CODEWITHSUNDEEP
cbit-manipulation
perror
perror

Reputation: 7406

Most efficient way to set n consecutive bits to 1?

I want to get a function that will set the n last bits of a numerical type to 1. For example:

bitmask (5) = 0b11111 = 31
bitmask (0) = 0

I, first, had this implementation (mask_t is just a typedef around uint64_t):

mask_t bitmask (unsigned short n) {
  return ((((mask_t) 1) << n) - 1;
}

Everything is fine except when the function hit bitmask (64) (the size of mask_t), then I get bitmask (64) = 0 in place of 64 bits set to 1.

So, I have two questions:

  1. Why do I have this behavior ? Pushing the 1 by 64 shifts on the left should clear the register and remain with 0, then applying the -1 should fill the register with 1s...

  2. What is the proper way to achieve this function ?

Upvotes: 5

Views: 2699

Answers (3)

perror
perror

Reputation: 7406

Finally, just for your information, I ended up by writing:

typedef uint64_t mask_t;
mask_t bitmask (unsigned short n) {
  return  (n < (sizeof (mask_t) * CHAR_BIT)) ? (((mask_t) 1) << n) - 1 : -1;
}

But, the answer of harold is so complete and well explained that I will select it as the answer.

Upvotes: 1

user555045
user555045

Reputation: 64904

Yes this is a well known problem.

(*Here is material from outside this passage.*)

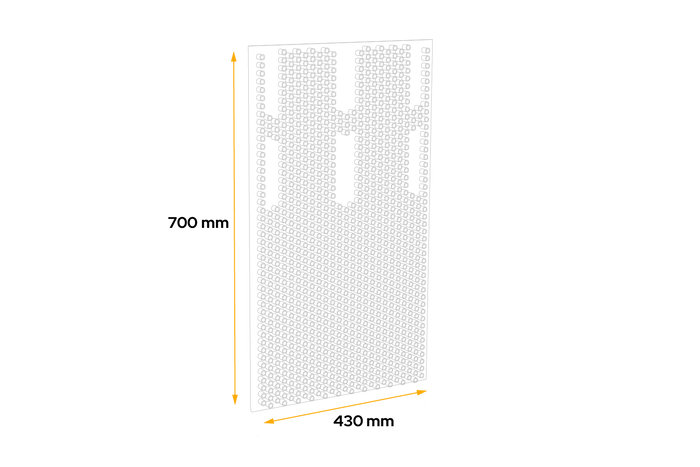 DOMAR DK5120 spatbord voor aanhangers en opleggers 430×700mm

There are easy ways to implement this function over the range 0..63 and over the range 1..64 (one way has been mentioned in the comments), but 0..64 is more difficult.

Of course you can just take either the "left shifting" or "right shifting" mask generation and then special-case the "missing" n,

uint64_t bitmask (unsigned short n) {
  if (n == 64) return -((uint64_t)1);
  return (((uint64_t) 1) << n) - 1;
}

Or

uint64_t bitmask (unsigned short n) {
  if (n == 0) return 0;
  uint64_t full = ~(uint64_t)0;
  return full >> (64 - n);
}

Either way tends to compile to a branch, though it technically doesn't have to.

You can do it without if (not tested)

uint64_t bitmask (unsigned int n) {
  uint64_t x = (n ^ 64) >> 6;
  return (x << (n & 63)) - 1;
}

The idea here is that we're going to either shift 1 left by some amount the same as in your original code, or 0 in the case that n = 64. Shifting 0 left by 0 is just going to be 0 again, subtracting 1 sets all 64 bits.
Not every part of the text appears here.